So why didn't Rosenberg do that? Maybe the answer is that the specific totals would show 24 or so hours a week, including some time that was "voluntary." But that is no way to sell papers and generate web hits.
Remember, hit men get paid.
What a great comment from him, that about sums up everything.
Kudos to Mr. Schofield for this response. Howeva, we do have names, at least one of whom is quoted specifically: Terance Taylor. The clear import of his words was that Sundays were excessive. If he had to be there that Sunday for that amount of time (which needs further clarification) that alone is a violation.
Someone has thrown a stone and hid their hands!
Well looks like I won't be listening to any local sports radio for the next few days. I'm sure the local sparty hosts are going to have a field day talking about this stuff.
I was really looking forward to full immersion this week, but I really don't want to smell this soon to be dead horse for the next week.
Oh, and the game broadcast will be brutal!
Someone is undermining Michigan because they didn't get the spot they wanted or they didn't like being told to run everywhere for practice. This is a strategic allegation! If it is coming from a coach or coaches. The purpose is they fear what Michigan will soon become a threat. Go back in history and see how that even the Big 10 made rules to hinder Michigan's dominance. Michigan, in turn, left the B10 for 10 years. This mess is not new. I just wish we kick enough butt over the coming years to shut up the haters. Or just let them eat 40 years of crow.
Even Tressel admits to Michigan's ability to truly transverse transitions well. Personally, I think that Michigan will weather this storm. The comments parents made about the kid's and their Michigan activities was very helpful. Media Hype? Who knows? It is apparent that someone is doing some major hating. I don't think it is true. RR can't be that stupid. He knows he is at Michigan right? The team under the media electron microscope.
I hope things sort themselves out and exonerate my Wolverines. Michigan doesn't need this now!
Ever. From anyone. This is the first hint of UM's EPIC FAIL this season. I get a lot of clients who are former Michiganders and I used to kid them about UM "once upon a time having a football program" after last season. Apparently I was fairly prescient as I'm afraid this is a terrible harbinger of things to come. You can't win with people who don't want to be there, and this is how that manifests. I can't imagine some douchebag bitching to the PRESS about "long practices" under Bear Bryant or Urban Meyer, etc. I will no longer make that joke as it will hit too close to home. My condolences fellows. =(
We wouldn't need to practice so much if we signed 35 kids per class.
Well, yeah. None of them are complainin' aboot it tho! Hehehe.
the trolls. Just read, enjoy the irony, and move along.
I did not know that SEC fans knew about words like "prescient". I always thought you guys don't go to class. You and Bubba have been drinking too many mint juleps. All that talk you forgot about how Florida got spanked the last two times ('96 and '08) Michigan faced them. Alabama lost to Michigan the last two times they played each other. So take your prescience turn it around and remember to look back at UM kicking SEC butts. We are not OSU. We will not be down for long.

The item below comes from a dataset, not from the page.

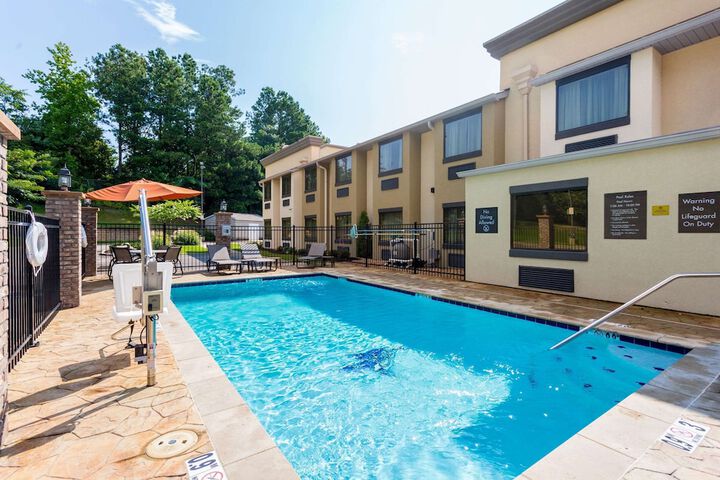 Pool 6 of 31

Remember that! Trunk nose pachyderm!
Joe Schad is now on his way to Ann Arbor, according to his Twitter feed.
So, I'm assuming he'll be on his way to every other program after that, right?

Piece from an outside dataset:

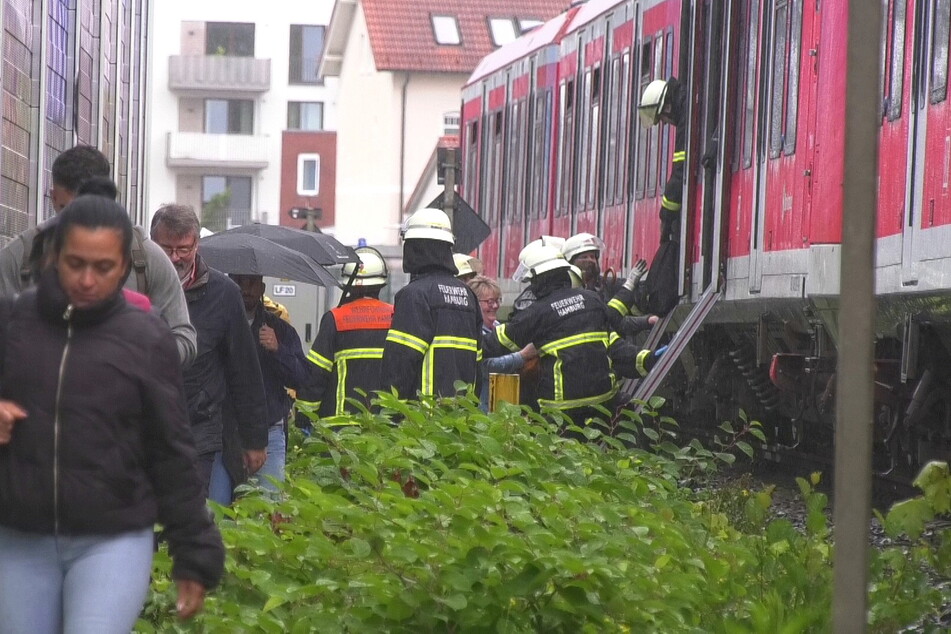 Rund 150 Fahrgäste mussten gegen Donnerstagmittag aufgrund einer defekten S-Bahn evakuiert werden.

What? That is strange and cannot be good.
stop, you're worried about nothing
if we beat western, this will be forgotten. i immediately got in a frenzy when i heard this but i'm starting to think it's all a bunch of bs. i just talked to one of my good friends who was on the team last year and he agreed that it's just a lot of hot air.
If? If? You're right, if. Sad.
I like the point he made about how the good things that the team did around the community and in the classroom never was in the news, but the bad stuff always is.
The Freep and other media outlets will continue to publish material like this becuase it sells. They are a business, and right now, that business is slowly dying. I would know. I've been in it for 11 years. Right now, the number of Internet clicks that site is generating, plus the buzz its creating is some of the best free advertising that exists. Even if people hate the article (and I'm one of them), it has people talking. Look at what it has done to this board. We are giving the paper exactly what it wants. Right or wrong, the article already served its purpose perfectly.
This surprises you?
I never said that it surprised me. I understand that negative news is what sells. I was just agreeing that the media makes Rodriguez out to be a thug when he does a lot of positive things for the University and the community.
What will be surprising is if Alabama can be fifth in the SEC. You need to go home and route for your barely emerge crimson sewer tide.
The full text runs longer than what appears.